Canadian Journal of Communication Vol 37 (2012) 381-382
©2012 Canadian Journal of Communication Corporation


Editorial

Digital Life


A recent cover painting for The New Yorker depicts a family (Dad, Mom, two teenagers) on a beach in a tropical bay. A fifth person seen only in shadow is taking a photo of this memorable vacation moment. None of the family are looking up; they are looking down, all busily texting away, updating their Facebook pages, or whatever. This clever play on overlapping media (painting, photography, cellphones, and apps) reveals that, in fact, nobody is there. They are images only, physically and mentally. They are elsewhere. They have gone digital. This is what McLuhan meant when he said the electronic age was the exteriorization of the nervous system.

This issue, then, examines, in several case studies, what we have become in digital life, for better or for worse. On the positive side, Steven High, Jessica Mills, and Stacey Zembrzycki, in “Telling Our Stories/Animating Our Past,” see enormous new collaborative possibilities in the application of new media to doing oral or public history. In the many debates on history and memory embodied in monuments, photographs, and so on, much of the meaning-making function has now shifted over to the responses of the viewer. Do the new media significantly change this? How are such responses to be evaluated? Or are they a further mediated displacement of memory itself?

Barbara Schneider in “Blogging Homelessness: Technology of the Self or Practice of Freedom?” draws upon Foucault’s thought as she reports upon a homeless blogger in a larger project on social marginalization. In her study here, Schneider steers a delicate dialectic between Foucault’s notions of “technologies of the self” and “care of the self.”

Heather Molyneaux, Susan O’Donnell, and Mary Miliken, in “Staying Socially Connected with Video Communication: A Case Study,” perhaps inadvertently show how social relationships become remediated through digital media. This has both positive and negative aspects: here positive in the Canadian technological nationalist sense of connection through technology, but negative in raising questions about what social connection is really about.

Moving to different aspects of social life, Matt Stahl and Leslie Meier examine the destabilizing impact of digitalization on music industry practices in “The Firm Foundation of Organizational Stability: The 360 Contract in the Digitalizing Music Industry.”

In an age of what in France is called “l’effet People,” how do gender norms and media representations combine to impact upon female politicians? This is what Catherine Lemarier-Saulnier and Mireille Lalancette examine in their article “La Dame de fer, la Bonne Mère et les autres : une analyse du cadrage de la couverture médiatique de certaines politiciennes québécoises et canadiennes.” Not surprisingly, the increased emphasis on personalization is found to reinforce familial norms, and for men as well.

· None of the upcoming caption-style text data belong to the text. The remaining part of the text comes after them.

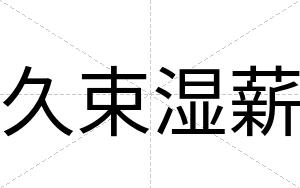 久束湿薪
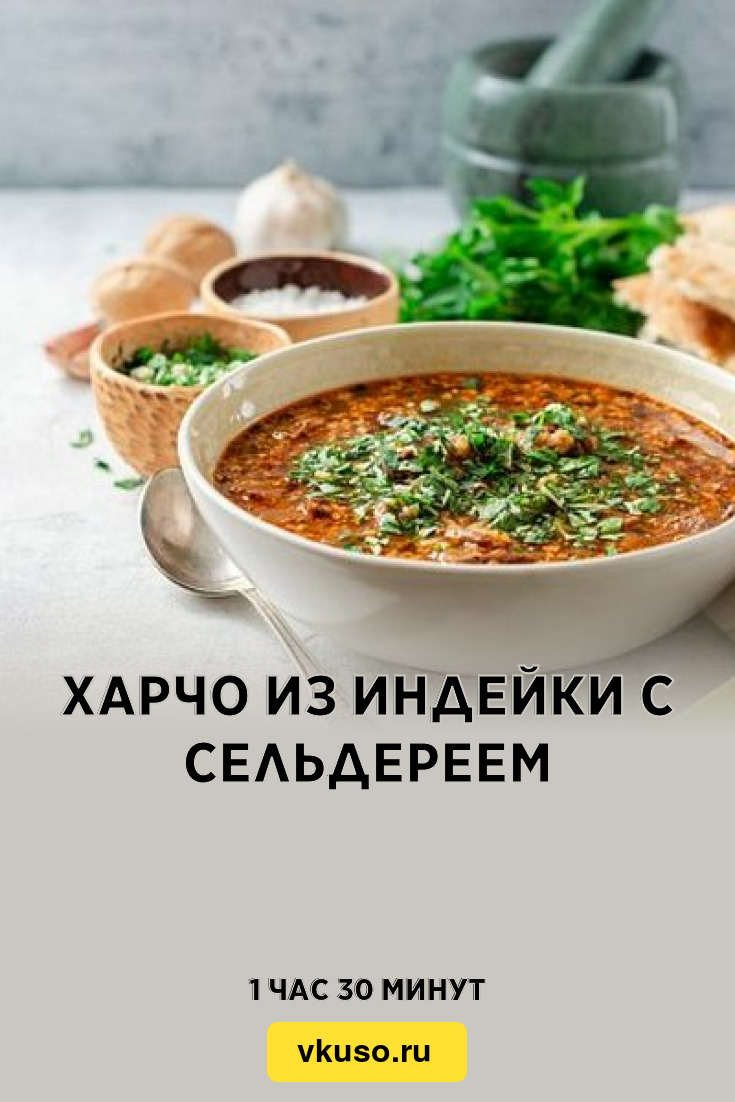 Харчо из индейки с сельдереем, рецепт с фото — Вкусо.ру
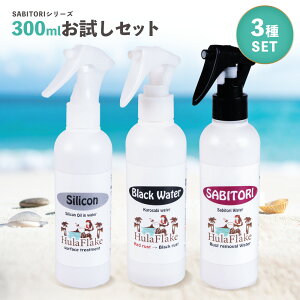 tt[N Zbg [sabitori blackwalter silicon]300ml ie1{ v3{j [ TrƂ KƂ Tr K ]  zC[ Vo[ANZT[  vdl C ֌  Lb` zC[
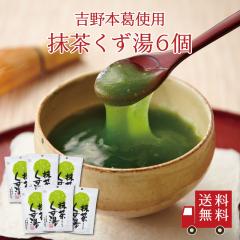 yzSPi23g~3j 6Zbg@܂Ƃߔ XC[c fU[g  َq aَq F g{  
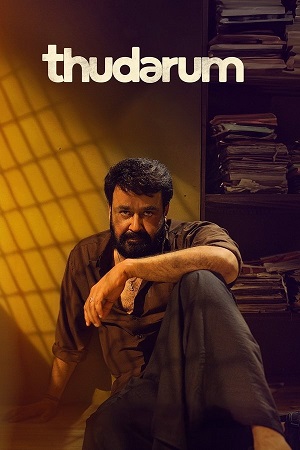 Thudarum (2025) ORG. DD5.1 [Hindi + Malayalam] JHS WeB-DL 480p - 720p - 1080p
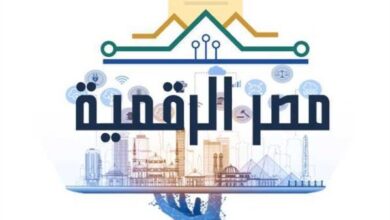 طريقة إنشاء حساب على بوابة مصر الرقمية وأهم الخدمات التي تقدمها للمواطنين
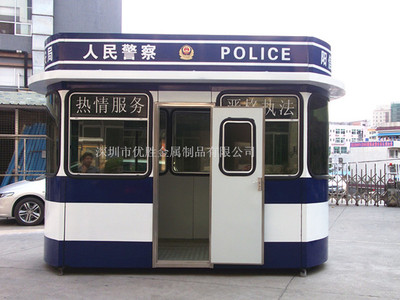 时尚小区治安岗亭大放送——北方金属制品助力深圳社区安全建设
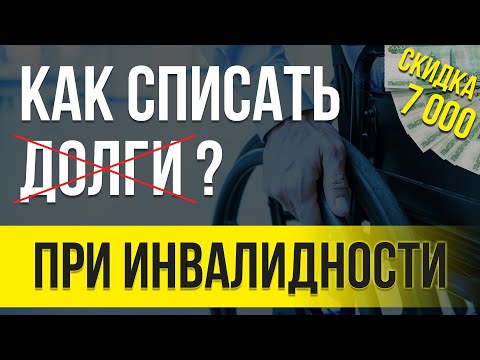 Банкротство при инвалидности! Как СОХРАНИТЬ ДЕНЬГИ списав все долги?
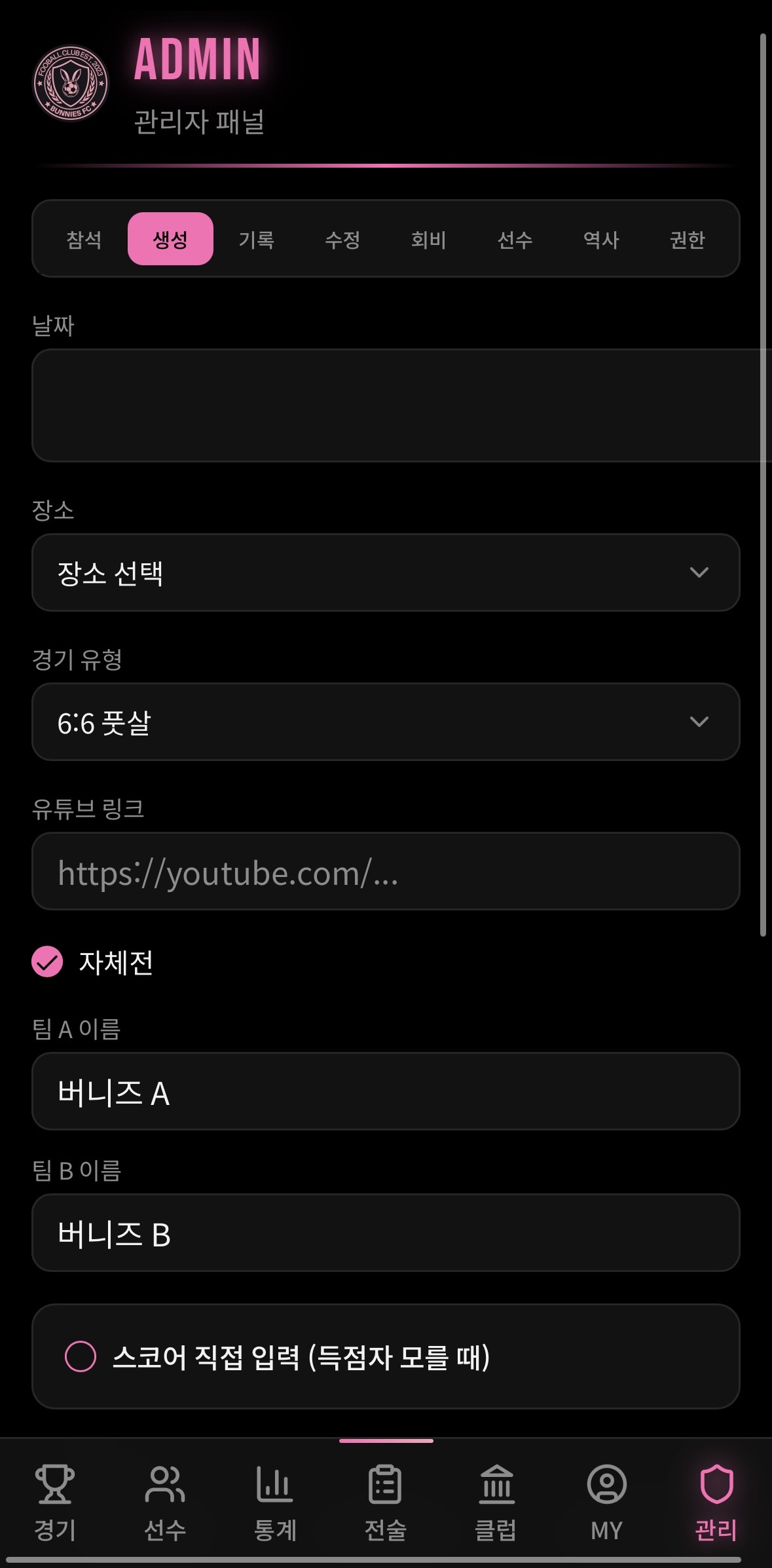 Supabase goal_events 테이블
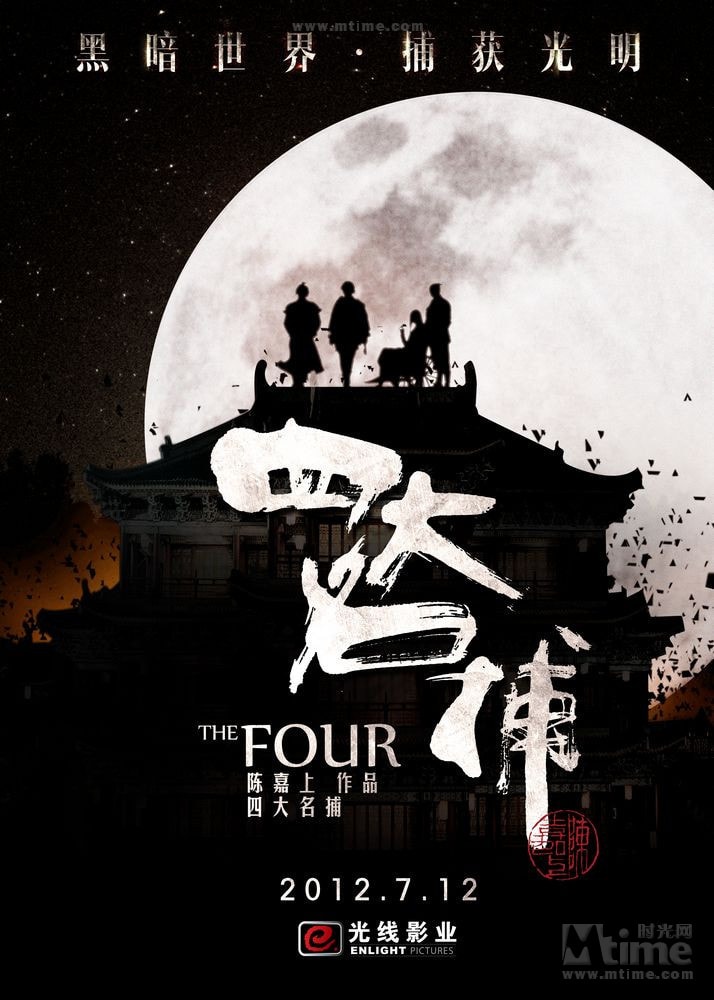 http://www.fjsenfa.cn/pics/default/download/7a4a05087c933ae25eb81ec896d30e0b.jpg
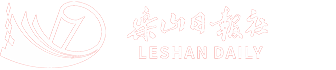 樂山日報電子版
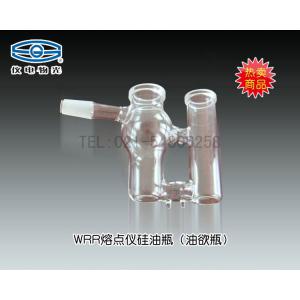 WRR熔點儀油浴瓶 (WRR熔點儀專用) 硅油瓶 上海儀電物理光學儀器有限公司 市場價168元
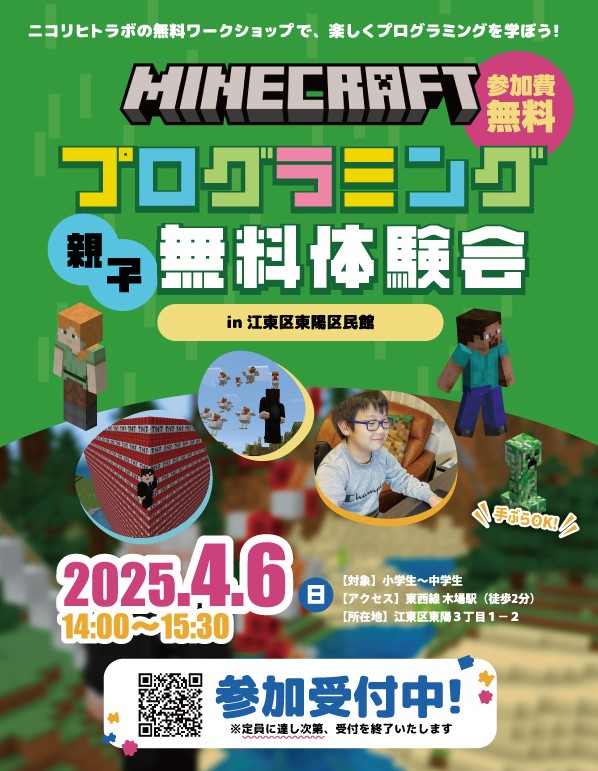 4/6開催　無料体験会 in 江東区東陽区民館 参加者募集中！！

In a Research in Brief, Duncan Low contrasts the various promised “cultural benefits” attached to the Vancouver Winter Olympics. He finds that in the whirlwind of big media coverage, these came utterly to naught. Low’s report is a warning for those who think such events are occasions to sneak in some “high culture” for the sporting masses.

Finally, given all the coverage, at least in Québec, of the student tuition strikes that have shaken colleges, universities, and provincial politics since the so-called Maple Spring, we publish the recent manifesto “Nous sommes avenir / Share the Future,” produced by, if not the largest, the most vocal of the three student unions. As part of the ensuing Commentary, Editorial Board member Stuart J. Murray raises some disturbing questions about the impact of the digital life on our use and sense of language, flattening it into a stream of banalities. And former CJC editor Kim Sawchuk provides some needed economic and educational context for the “carré rouge” movement.